Your life can be profoundly affected by hearing loss, in a way that goes beyond the inability to hear. Relationships can be stressed and day-to-day tasks can be disrupted by loss of hearing.
A study conducted by AARP found that quality of life is more seriously impacted by hearing loss than:
There are many people who don’t get help with their hearing loss in spite of the fact that it negatively impacts their lives. Researchers have discovered that many people suffering from hearing loss are still worried about a perceived stigma attached to it. People are worried they will be treated differently if people know they are suffering from hearing loss. A distorted self image can be formed as a result of this perception, impacting the young and the old.
Many Others Also Have Hearing Loss
Even though it can affect people of all ages, it is true that as lifespans grow longer there are more instances of hearing loss. The World Health Organization reports that over 1.1 billion people are at risk of hearing loss and the perceptions that come with it, many of them young adults. One of the most common health problems facing young adults is, actually, hearing loss. Persistent resistance to getting help continues while the amount of people with hearing loss increases. What is the effect on general health?
How Is Hearing Loss Viewed?
The story is pretty much illustrated by the very definition of stigma, which is a brand that labels a person as inferior. The worry for many people with hearing loss is that they will seem less able, older, and possibly less healthy.
Historically, there is some foundation for this worry. A 2010 study found when people have hearing loss they were not as well accepted. But the data from this research is almost a decade old. This perception is improving as hearing loss becomes more prevalent. Hearing loss technology is becoming Stylish, fun, and cutting edge. Even celebrities are publicly wearing hearing aids. Other health issues relating to aging, like cognitive decline and dementia may be delayed or even prevented by getting treatment, researchers say. This is also helping to change the perception. Some people still won’t seek help in spite of this research.
Does it Even Matter?
There are health repercussions for not getting treatment, so don’t permit your anxiety about negative perception stop you from seeking help. People get colonoscopies, according to an AARP study, more often than they get hearing tests. Not acknowledging your hearing loss, not getting a hearing examination and seeking treatment will take a physical toll, especially over time.
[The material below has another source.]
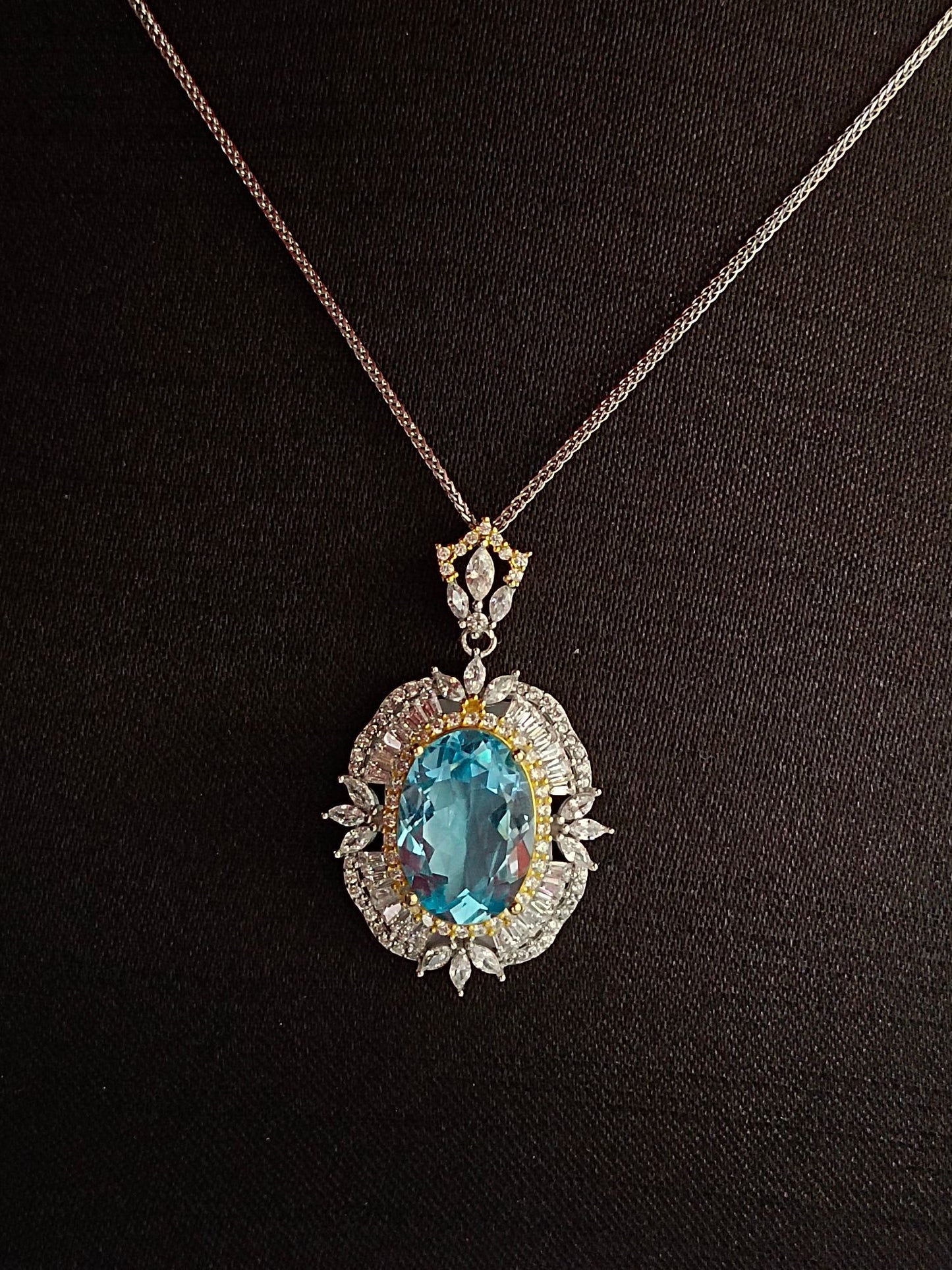 Exquisite Natural Topaz Luxury Pendant Jewelry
Consequences of Undiagnosed or Untreated Hearing Loss
These physical consequences of not dealing with your hearing loss will impact your overall health;
Everything in life is more tiring when you are working hard to hear. Just attempting to hear conversations and common sounds is hard work. You put more energy into keeping safe, too, because you can’t hear that vehicle coming or someone walking behind you. You will become chronically fatigued just by trying to hear day-to-day sounds.
Common Headaches and Migraines
You can get headaches and migraines if you have too much fear and stress. You might not recognize there is a connection, but studies have shown a link between migraines and certain types of hearing loss. Even if you don’t normally get migraines, your brain has to make up for what you can’t hear, and that constant struggle can cause your head to hurt.
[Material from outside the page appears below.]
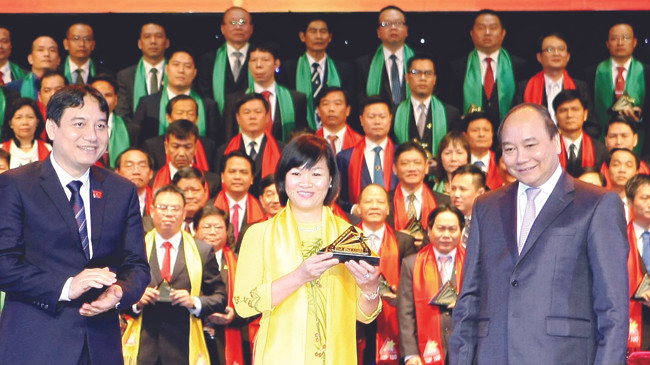 Phó Thủ tướng Nguyễn Xuân Phúc và Bí thư thứ Nhất Trung ương Đoàn Nguyễn Đắc Vinh trao giải thưởng cho bà Dương Mai Hoa, Tổng Giám đốc tập đoàn Vingroup, Top 10 Sao Vàng Đất Việt 2015. Ảnh: Kiên Phạm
Anxiety and depression are some mental health problems you could also end up facing as a consequence of untreated loss of hearing. Loss of hearing can increase social isolation and has even been linked to dementia. You will have less energy and will be moodier if you have these other challenges.
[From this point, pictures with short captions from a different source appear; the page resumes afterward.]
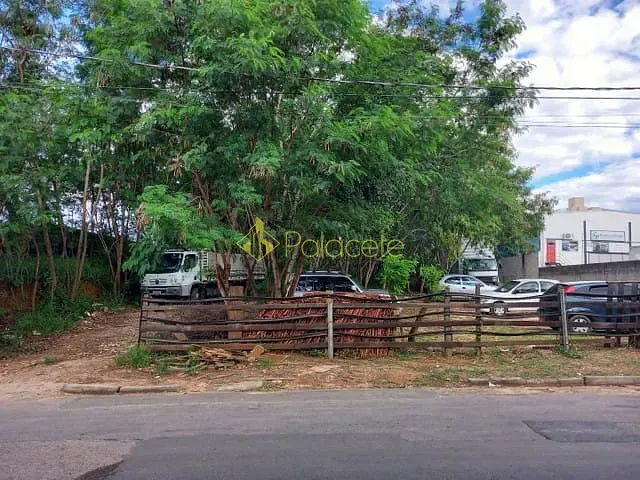 Terreno com 2400m², à venda, no bairro Esplanada Independência em Taubaté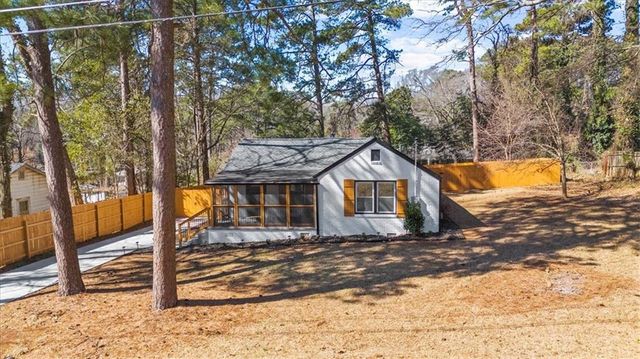 2149 Stockbridge SE Drive, Atlanta, GA 30316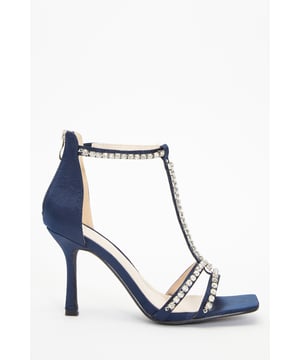 Quiz hotsell sandals sale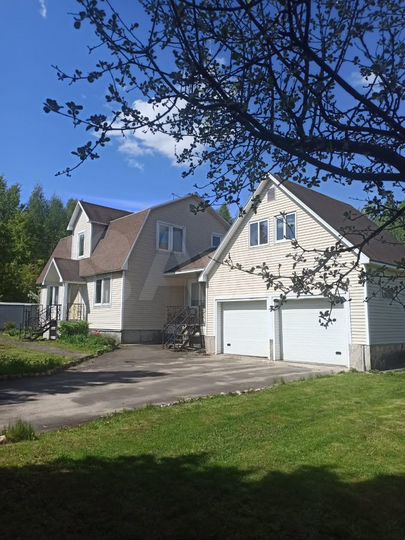 Дом 268 м² на участке 15 сот.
Conquering Negative Perceptions of Hearing Loss
Taking the first step and get help if you want to conquer these negative perceptions. If you are losing your hearing, it’s probably a treatable condition. If you make the decision not to get treatment, you should understand that you are the one who suffers.
Not all hearing loss is permanent, either, so you could be stressing over nothing. Something as basic as earwax buildup may be the reason, but you won’t know for sure unless you make an appointment to get a hearing test.
If it turns out you do have hearing loss, do something about it. Hearing aids come in all shapes and sizes these days. More inconspicuous styles are available if you feel concerned about people knowing you have hearing loss.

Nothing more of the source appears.